Chicago Enacts New Gun Ordinance in Wake of Supreme Court Decision
By Laura DeKoven Waxman
July 19, 2010
As has been widely reported, the Supreme Court struck down Chicagos handgun ban in a 5-4 decision June 28. In its decision in McDonald v. City of Chicago the Court held that the due process clause of the Fourteenth Amendment incorporates the Second Amendment, thus applying it to state and local governments and rendering Chicago’s ban on possession of handguns in the home to be unconstitutional. The Court had previously held in District of Columbia v. Heller that the Second Amendment protects the right to possess a handgun in the home for the purpose of self-defense. That decision applied, however, only to the District of Columbia, which is a federal enclave. The U.S. Conference of Mayors filed an amicus brief with the Supreme Court in support of the City of Chicago and its handgun ban, and that brief was referenced in Justice Breyer’s dissenting opinion.
In its decision in McDonald, the Court also reaffirmed its language in Heller that the Second Amendment right is not unlimited. The Court ruled that the individual right to possess guns in the home for self-defense does not prevent elected representatives from enacting common'sense gun laws to protect communities from gun violence.
On the day the decision was handed down, Chicago Mayor Richard M. Daley announced, “We’re working to rewrite our ordinance in a reasonable and responsible way to protect 2nd Amendment rights and protect Chicagoans from gun violence,” and promised to propose a new ordinance soon. He did, and on July 2, the Chicago City Council adopted that ordinance on a 45-0 vote.
Commenting on the new ordinance, Daley said, “Either we enact new and reasonable handgun laws in Chicago to protect our residents – as the Council has done – or we do nothing and risk greater gun violence our streets and in our homes.” He said that the new ordinance is intended to make sure that the city is using every tool to keep guns out of the hands of gang bangers and drug dealers and their thugs who terrorize some neighborhoods; and that adults who legitimately want a gun in their homes for self-defense meet a standard of responsibility. “I understand that people need to feel safe in their homes,” he said.
Within one week after the ordinance passed, two civil complaints were filed in federal court in Chicago challenging the constitutionality of several provisions in the city’s new law. One complaint challenges a prohibition on stepping out of the home with a gun, a requirement that would-be adult gun owners get parental approval if they’re under 21, and a requirement that gun owners keep only one firearm in an operable state at any given time. Both complaints challenge the city’s ban on gun shops.
Challenges to Other Cities’ Gun Laws Expected
In his dissent in the McDonald decision, Justice John Paul Stevens warned that the Court’s decision “invites an avalanche of litigation that could mire the federal courts in fine-grained determinations about which state and local regulations comport with the Heller right—the precise contours of which are far from pellucid—under a standard of review we have not even established.”
The immediate challenge to Chicago’s new law is likely one of the first of many suits challenging cities’ gun laws.
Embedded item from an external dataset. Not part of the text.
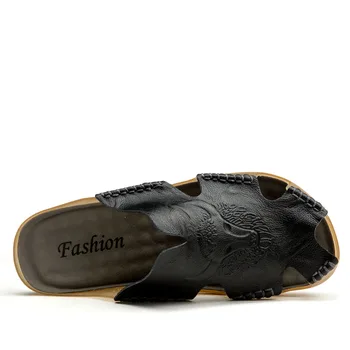 Nové Letné pánske Sandále pravej Kože Priedušná Obuv Rímske Sandále Bytov Muž Papuče Rímsky Štýl Plážové Sandále Hot Predaj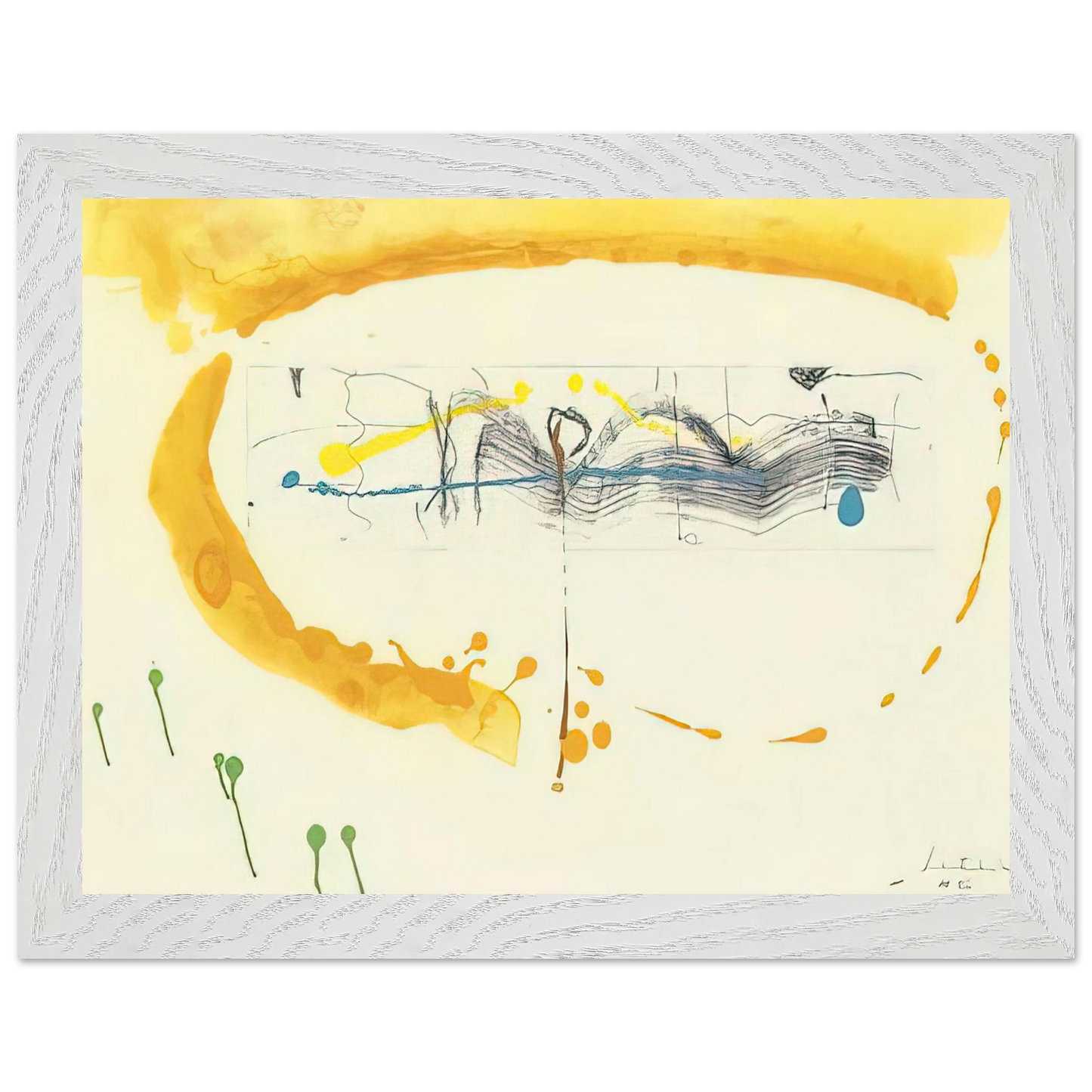 Helen Frankenthaler - Making Music - 2000 Wall art - 45x60 cm / 18x24 inches - Premium Wooden Framed Poster With Fine Art Paper-canvas - White frame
Indeed, in a statement released the day of the decision, National Rifle Association Executive Vice President Wayne LaPierre said, “The NRA will work to ensure this constitutional victory is not transformed into a practical defeat by activist judges, defiant city councils, or cynical politicians who seek to pervert, reverse, or nullify the Supreme Court’s McDonald decision through Byzantine labyrinths of restrictions and regulations that render the Second Amendment inaccessible, unaffordable, or otherwise impossible to experience in a practical, reasonable way.”